The camera and audio recording devices are
often used for replacing manual text input. Avoiding
manual text input is recommended wherever
possible as applications that require text input annoy
users (Longoria, 2001).
An Internet connection in combination with
sensors can be used to download more information
about the current context, such as information about
the current location, and therefore may improve the
adaption of the user interface.
A similar analysis of the usage of sensors was
made by investigating Austria’s 27 top-ranked
Android applications (excluding games). The
popularity ranking is determined by Google using a
secret ranking algorithm. Certainly, the ranking is
influenced by the user's current location. Therefore
Austria-related apps could be found in the ranking,
such as the OEAMTC app (Austrian automobile
club) or the Krone.at or Kleine Zeitung app (the app
of popular Austrian newspapers). Other investigated
apps include YouTube, Google Maps, Facebook,
Skype, WhatsApp Messenger, Barcode Scanner,
Shazam, wetter.com, TuneIn Radio and the IMDb
app. One third of the investigated apps requires or
allows using a user account in order to receive
personalized information. More than 75 per cent of
the investigated apps use an internet connection for
their main functionality. This means that apps which
try to access the internet just for downloading
advertisement did not count. More than 60 per cent
of the apps using the internet are not working at all
without network access.
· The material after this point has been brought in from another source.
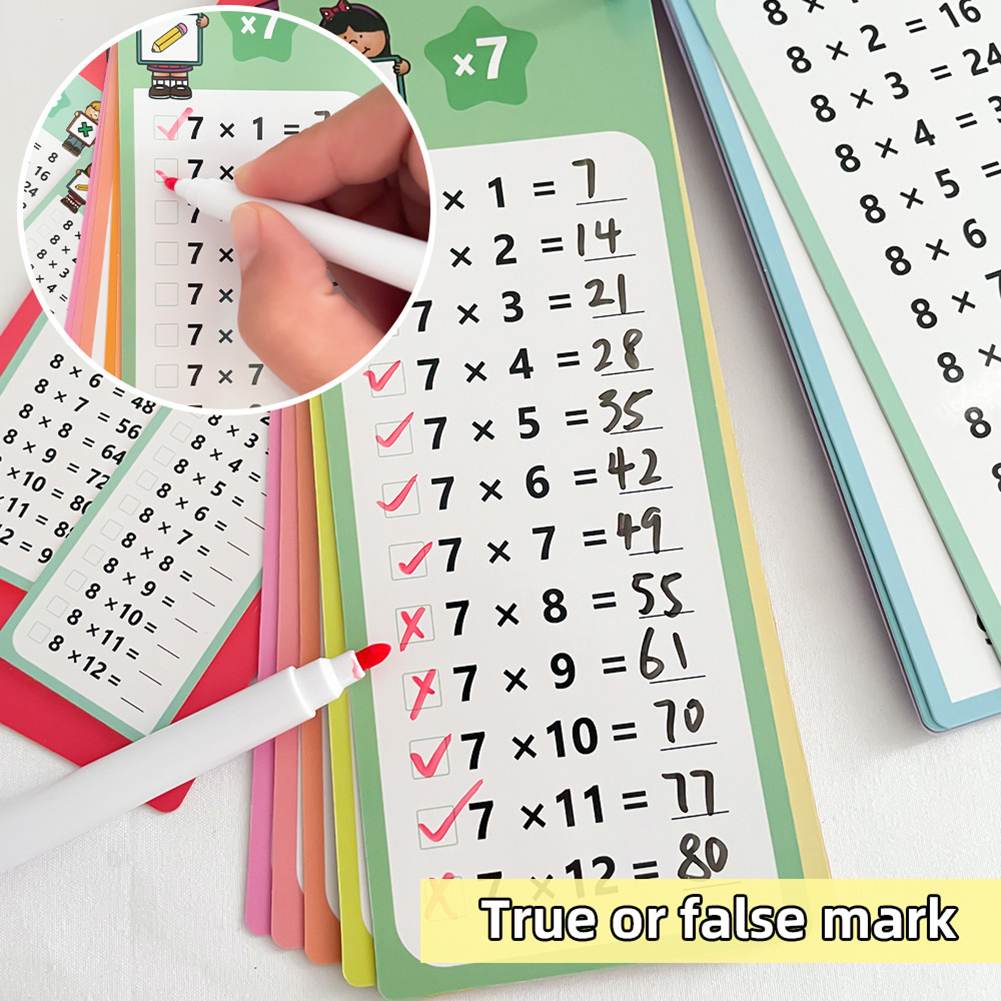0-12 Multiplication Charts, Ti - Kids Education Table 리뷰 및 가격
The remaining apps using
the internet are usable without internet connection,
but often only with limited functionality or cached
data.
22 per cent of the investigated apps use the geo-
location hardware capabilities either for their main
functionality (map applications) or for prefilling
input controls so that the end user does not have to
type or select his/her current location by
himself/herself. 18.5 per cent of the apps use the
built-in camera to scan barcodes or QR tags in order
to speed up user input.
Buttons, Lists, Text input controls are the most
frequently used controls in current popular
smartphone applications. Tabs are often used to
structure screen contents. Context menus and
gestures are less frequently used. One reason might
be that they are often overlooked by the end-users as
there is no visual clue that they are available.
2.2 Adaptive versus Adaptable Uis
We have to differentiate between adaptive and
adaptable user interfaces. Adaptable UIs are adapted
by the software developers at design or
implementation time manually while adaptive
software adapts itself at runtime automatically based
on the dynamic user profile and contextual data
gained from the end-user or the environment.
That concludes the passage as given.